◆ **PROBLEM STATEMENT**
If a line in the data below holds the word "Metal", copy it.

[Records from a dataset]
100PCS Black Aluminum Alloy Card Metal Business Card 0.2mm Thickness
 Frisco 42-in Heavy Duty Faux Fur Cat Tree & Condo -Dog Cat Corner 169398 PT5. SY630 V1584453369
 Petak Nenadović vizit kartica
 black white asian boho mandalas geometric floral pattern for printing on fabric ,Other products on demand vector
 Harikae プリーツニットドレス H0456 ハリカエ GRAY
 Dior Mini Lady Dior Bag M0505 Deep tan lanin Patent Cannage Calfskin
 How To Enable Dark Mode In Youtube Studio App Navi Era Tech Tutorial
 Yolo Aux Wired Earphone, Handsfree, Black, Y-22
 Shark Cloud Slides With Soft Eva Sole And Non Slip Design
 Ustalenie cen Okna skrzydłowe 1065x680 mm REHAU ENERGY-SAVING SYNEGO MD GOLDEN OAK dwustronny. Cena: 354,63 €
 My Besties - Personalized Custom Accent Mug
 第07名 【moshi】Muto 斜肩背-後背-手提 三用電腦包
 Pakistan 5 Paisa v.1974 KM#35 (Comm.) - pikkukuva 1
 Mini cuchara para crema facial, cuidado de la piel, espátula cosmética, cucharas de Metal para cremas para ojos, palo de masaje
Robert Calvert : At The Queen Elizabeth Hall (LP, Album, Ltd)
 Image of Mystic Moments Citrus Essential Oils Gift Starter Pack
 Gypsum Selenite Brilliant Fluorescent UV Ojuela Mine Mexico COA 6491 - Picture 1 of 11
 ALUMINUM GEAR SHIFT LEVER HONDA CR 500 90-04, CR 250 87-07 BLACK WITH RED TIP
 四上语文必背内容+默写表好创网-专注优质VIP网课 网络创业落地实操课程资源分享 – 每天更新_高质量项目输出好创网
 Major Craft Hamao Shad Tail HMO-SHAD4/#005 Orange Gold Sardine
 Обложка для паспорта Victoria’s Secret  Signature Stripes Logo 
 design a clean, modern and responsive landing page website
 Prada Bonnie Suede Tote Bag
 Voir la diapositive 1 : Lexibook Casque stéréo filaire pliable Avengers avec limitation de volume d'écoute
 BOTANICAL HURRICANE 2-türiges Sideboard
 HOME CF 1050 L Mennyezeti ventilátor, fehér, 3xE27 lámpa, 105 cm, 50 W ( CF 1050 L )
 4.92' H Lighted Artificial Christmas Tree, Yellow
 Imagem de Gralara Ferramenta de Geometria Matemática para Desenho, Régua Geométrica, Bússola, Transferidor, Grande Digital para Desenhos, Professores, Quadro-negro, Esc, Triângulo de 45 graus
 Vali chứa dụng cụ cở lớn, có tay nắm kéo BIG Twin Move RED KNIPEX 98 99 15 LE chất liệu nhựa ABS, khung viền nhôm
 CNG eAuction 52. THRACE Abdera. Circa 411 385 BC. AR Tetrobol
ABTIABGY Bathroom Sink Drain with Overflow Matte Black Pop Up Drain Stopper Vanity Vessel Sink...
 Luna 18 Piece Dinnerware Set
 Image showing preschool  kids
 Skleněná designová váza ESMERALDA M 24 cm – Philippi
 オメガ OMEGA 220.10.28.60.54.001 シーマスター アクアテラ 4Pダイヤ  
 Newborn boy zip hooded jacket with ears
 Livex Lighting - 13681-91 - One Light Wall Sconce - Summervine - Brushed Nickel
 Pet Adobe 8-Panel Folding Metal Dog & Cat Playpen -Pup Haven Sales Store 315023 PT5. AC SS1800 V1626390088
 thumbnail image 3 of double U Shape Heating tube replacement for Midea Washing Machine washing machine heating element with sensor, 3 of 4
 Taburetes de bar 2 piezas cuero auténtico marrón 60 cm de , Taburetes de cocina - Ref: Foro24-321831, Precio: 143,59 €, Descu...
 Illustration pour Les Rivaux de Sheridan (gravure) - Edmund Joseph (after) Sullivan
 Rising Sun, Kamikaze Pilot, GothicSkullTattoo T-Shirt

◆ **WORKED SOLUTION**
100PCS Black Aluminum Alloy Card Metal Business Card 0.2mm Thickness
 Mini cuchara para crema facial, cuidado de la piel, espátula cosmética, cucharas de Metal para cremas para ojos, palo de masaje
 Pet Adobe 8-Panel Folding Metal Dog & Cat Playpen -Pup Haven Sales Store 315023 PT5. AC SS1800 V1626390088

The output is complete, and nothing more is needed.